Aim of the exercise:
List each line of the data that holds the string "with", please.

START Task material

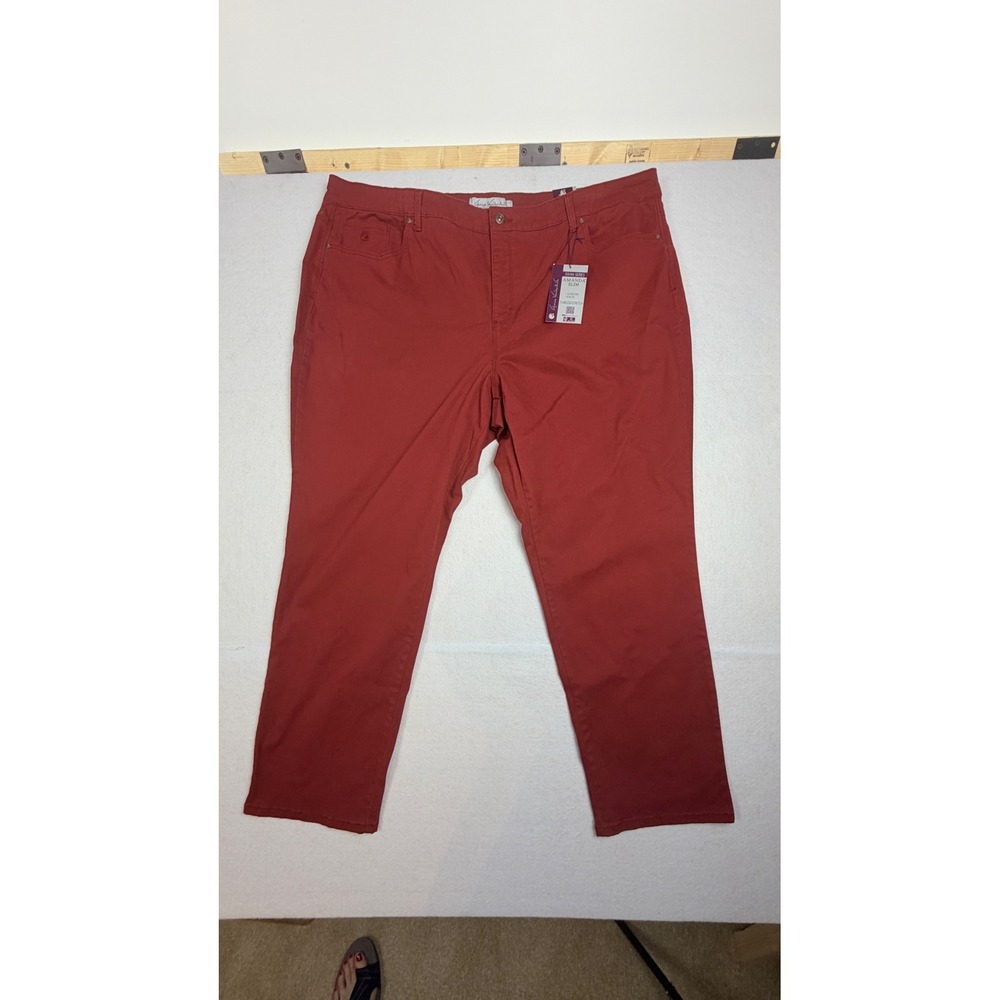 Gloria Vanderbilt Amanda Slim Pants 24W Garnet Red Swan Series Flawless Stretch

END Task material
START Task material

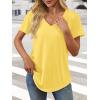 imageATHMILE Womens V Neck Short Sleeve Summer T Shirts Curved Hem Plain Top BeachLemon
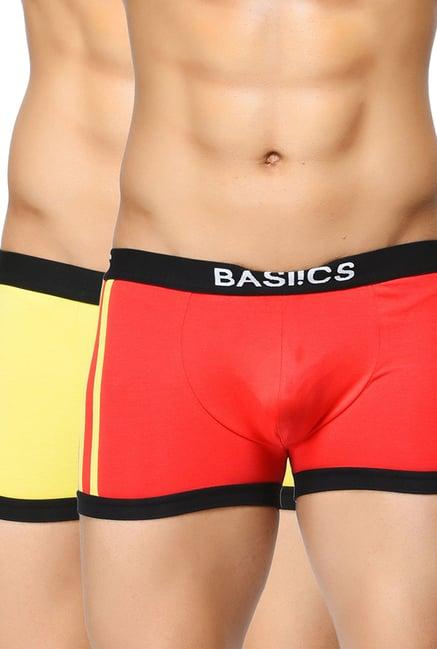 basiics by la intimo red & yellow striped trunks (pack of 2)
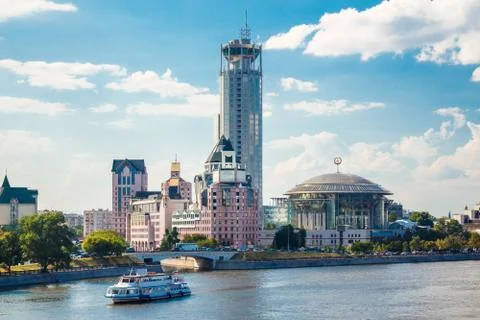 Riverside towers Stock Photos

END Task material
START Task material

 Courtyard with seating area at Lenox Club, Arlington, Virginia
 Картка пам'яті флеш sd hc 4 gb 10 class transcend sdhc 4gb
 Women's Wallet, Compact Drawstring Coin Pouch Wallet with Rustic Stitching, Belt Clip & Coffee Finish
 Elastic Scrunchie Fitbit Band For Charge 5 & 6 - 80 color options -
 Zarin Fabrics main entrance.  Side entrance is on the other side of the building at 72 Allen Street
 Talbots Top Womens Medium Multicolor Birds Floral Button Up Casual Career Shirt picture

END Task material

Written response:
 Courtyard with seating area at Lenox Club, Arlington, Virginia
 Women's Wallet, Compact Drawstring Coin Pouch Wallet with Rustic Stitching, Belt Clip & Coffee Finish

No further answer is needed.